# If with Twitter Lab

### Introduction

In this lesson, we'll use our knowledge of for loops and if else statements to search through twitter data.  

### Loading our Data

Let's begin with loading our data from a CSV file.  We'll convert the dataframe to a list of dictionaries called `users`.

In [2]:
import pandas as pd

df = pd.read_csv('./twitter_accounts.csv', thousands = ',')
users = df.drop(columns = ['Rank', 'Activity', 'twitter handle']).to_dict('records')

In [3]:
users[:2]

[{'Name': 'Barack Obama',
  'Followers': 110890048,
  'Following': 610113,
  'Tweets': 15704,
  'Nationality/headquarters': 'U.S.A',
  'Industry': 'Politics'},
 {'Name': 'KATY PERRY',
  'Followers': 108315414,
  'Following': 222,
  'Tweets': 10202,
  'Nationality/headquarters': 'U.S.A',
  'Industry': 'Music'}]

## Initial Exploration

So currently we have a list of dictionaries, where each dictionary is a top twitter user.  We can find out the number of users in our dataset by looking at the length of the list. 

In [4]:
len(users)

100

So we can see that our list consists of 100 has one hundred different elements with each element, being a dictionary and representing a different twitter user.   

In [5]:
users[:2]

[{'Name': 'Barack Obama',
  'Followers': 110890048,
  'Following': 610113,
  'Tweets': 15704,
  'Nationality/headquarters': 'U.S.A',
  'Industry': 'Politics'},
 {'Name': 'KATY PERRY',
  'Followers': 108315414,
  'Following': 222,
  'Tweets': 10202,
  'Nationality/headquarters': 'U.S.A',
  'Industry': 'Music'}]

Ok, so now let's find the names of all of the top twitter users and storing them in a list.

In [6]:
twitter_names = []

for user in users:
    twitter_names.append(user['Name'])

In [7]:
twitter_names[:5]

# ['Barack Obama', 'KATY PERRY', 'Justin Bieber', 'Rihanna', 'Taylor Swift']

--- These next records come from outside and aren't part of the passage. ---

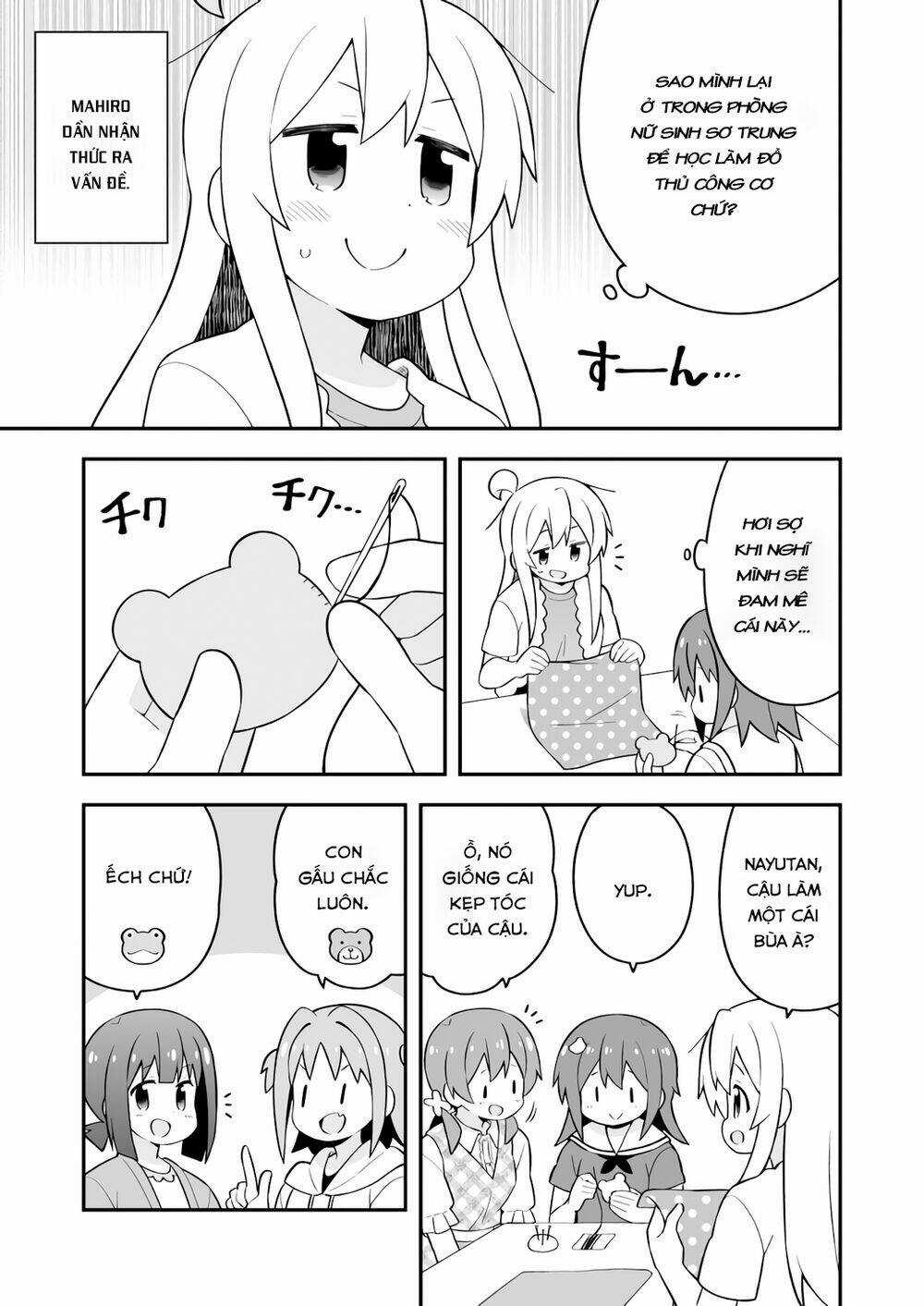 Onii-Chan Wa Oshimai! Chapter 60 trang 8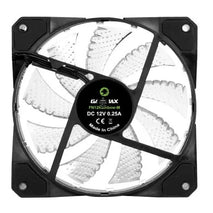 VENTILADOR / CASE / PC / GAMEMAX / 12X12 / 3y4 PINES / ARCOIRIS / FN-12RAINBOW-M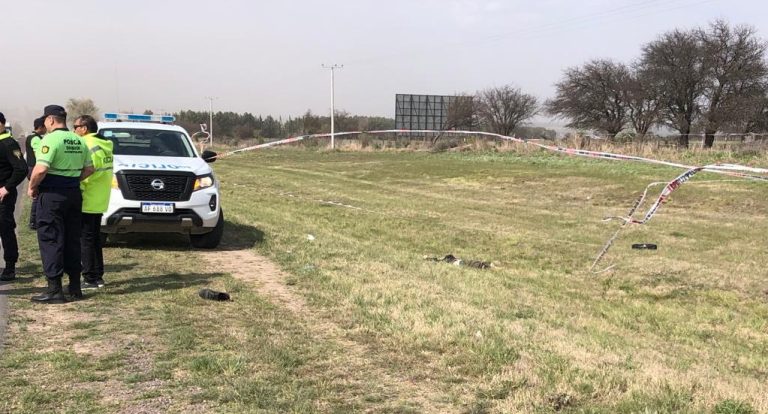 Camionero de Santa Rosa reconoció haber atropellado al hombre fallecido en la Ruta Nacional 35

['Barack Obama', 'KATY PERRY', 'Justin Bieber', 'Rihanna', 'Taylor Swift']

We can confirm that our new list has 100 elements, with each element as a string.

In [8]:
len(twitter_names)

100

Now let's begin to find some more information on our twitter users.  Below, create a list of nationalities of each user.

In [9]:
nationalities = []
for user in users:
    nationalities.append(user['Nationality/headquarters'])

In [10]:
nationalities[:8]

['U.S.A', 'U.S.A', 'Canada', 'Barbados', 'U.S.A', 'Portugal', 'U.S.A', 'U.S.A']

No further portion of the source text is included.